Opa interacting protein 5 promotes proliferation and migration of trophoblast cells via activating STAT3 pathway.

Missed abortion, one of the leading causes of maternal and perinatal mortality, is associated with impaired trophoblast function. Opa interacting protein 5 (OIP5) interacts with outer membrane proteins, Opa, to play an important role in mitosis and tumorigenesis.
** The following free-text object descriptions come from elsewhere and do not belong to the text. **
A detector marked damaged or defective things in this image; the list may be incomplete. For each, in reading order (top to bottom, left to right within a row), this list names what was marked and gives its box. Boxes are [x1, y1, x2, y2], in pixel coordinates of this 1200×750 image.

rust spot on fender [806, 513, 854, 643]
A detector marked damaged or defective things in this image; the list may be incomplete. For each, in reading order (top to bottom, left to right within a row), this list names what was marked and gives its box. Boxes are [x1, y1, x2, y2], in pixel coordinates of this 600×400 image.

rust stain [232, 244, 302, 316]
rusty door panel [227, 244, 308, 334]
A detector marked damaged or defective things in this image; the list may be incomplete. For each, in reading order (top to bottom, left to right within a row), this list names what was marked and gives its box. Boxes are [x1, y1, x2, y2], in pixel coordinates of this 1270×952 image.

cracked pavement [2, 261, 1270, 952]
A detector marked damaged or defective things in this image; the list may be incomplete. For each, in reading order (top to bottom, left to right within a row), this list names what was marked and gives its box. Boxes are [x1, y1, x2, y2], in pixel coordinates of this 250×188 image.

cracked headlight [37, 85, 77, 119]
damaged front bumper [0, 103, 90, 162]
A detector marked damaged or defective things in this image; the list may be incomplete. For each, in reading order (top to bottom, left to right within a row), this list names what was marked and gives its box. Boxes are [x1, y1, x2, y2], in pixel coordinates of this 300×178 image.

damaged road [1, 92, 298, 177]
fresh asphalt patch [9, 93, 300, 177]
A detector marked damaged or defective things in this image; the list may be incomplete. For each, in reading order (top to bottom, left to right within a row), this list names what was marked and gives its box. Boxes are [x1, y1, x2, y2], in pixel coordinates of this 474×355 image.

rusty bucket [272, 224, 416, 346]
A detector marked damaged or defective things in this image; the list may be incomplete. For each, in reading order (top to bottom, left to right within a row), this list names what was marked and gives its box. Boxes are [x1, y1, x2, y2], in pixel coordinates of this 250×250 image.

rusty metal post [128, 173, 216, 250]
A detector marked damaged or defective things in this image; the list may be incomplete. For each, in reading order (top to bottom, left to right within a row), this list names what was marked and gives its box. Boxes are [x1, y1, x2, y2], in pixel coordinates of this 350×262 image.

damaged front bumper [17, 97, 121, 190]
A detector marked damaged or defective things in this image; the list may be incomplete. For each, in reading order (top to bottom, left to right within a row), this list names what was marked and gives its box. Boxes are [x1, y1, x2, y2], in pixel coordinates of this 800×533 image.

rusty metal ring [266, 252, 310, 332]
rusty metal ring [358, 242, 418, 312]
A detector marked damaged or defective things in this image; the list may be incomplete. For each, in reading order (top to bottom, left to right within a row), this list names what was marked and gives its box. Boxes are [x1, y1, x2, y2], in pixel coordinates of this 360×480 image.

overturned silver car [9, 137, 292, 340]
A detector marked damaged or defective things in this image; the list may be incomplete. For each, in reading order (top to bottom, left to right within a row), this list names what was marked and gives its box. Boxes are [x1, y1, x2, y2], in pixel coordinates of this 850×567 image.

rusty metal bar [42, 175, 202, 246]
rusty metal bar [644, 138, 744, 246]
The role of OIP5 in missed abortion was investigated in this study. Firstly, the expression of OIP5 in villous samples from patients with missed abortion was compared with women with normal pregnancies. Result showed that OIP5 was down-regulated in the placental villi from patients with missed abortion. Secondly, human first-trimester extravillous trophoblast-derived cell line (HTR-8/SVneo) was transfected with shRNA targeting OIP5 (shOIP5) or pcDNA-OIP5 (OIP5). Data from MTT and flow cytometry assays demonstrated that knockdown of OIP5 reduced number of viable cells in HTR-8/SVneo, and promoted the cell apoptosis. However, over-expression of OIP5 increased the number of viable cells and suppressed the cell apoptosis in HTR-8/SVneo. Moreover, cell migration of HTR-8/SVneo was inhibited by silencing of OIP5, and OIP5 over-expression enhanced protein expression of matrix metallopeptidase (MMP) 2/9. Lastly, OIP5 contributed to phosphorylation of STAT3 (signal transducer and activator of transcription 3) in HTR-8/SVneo. Inhibition of STAT3 attenuated OIP5 over-expression-induced increase in number of viable cells and migration in HTR-8/SVneo. In conclusion, OIP5 contributed to the proliferation and migration of trophoblast cell through activation of STAT3 signaling.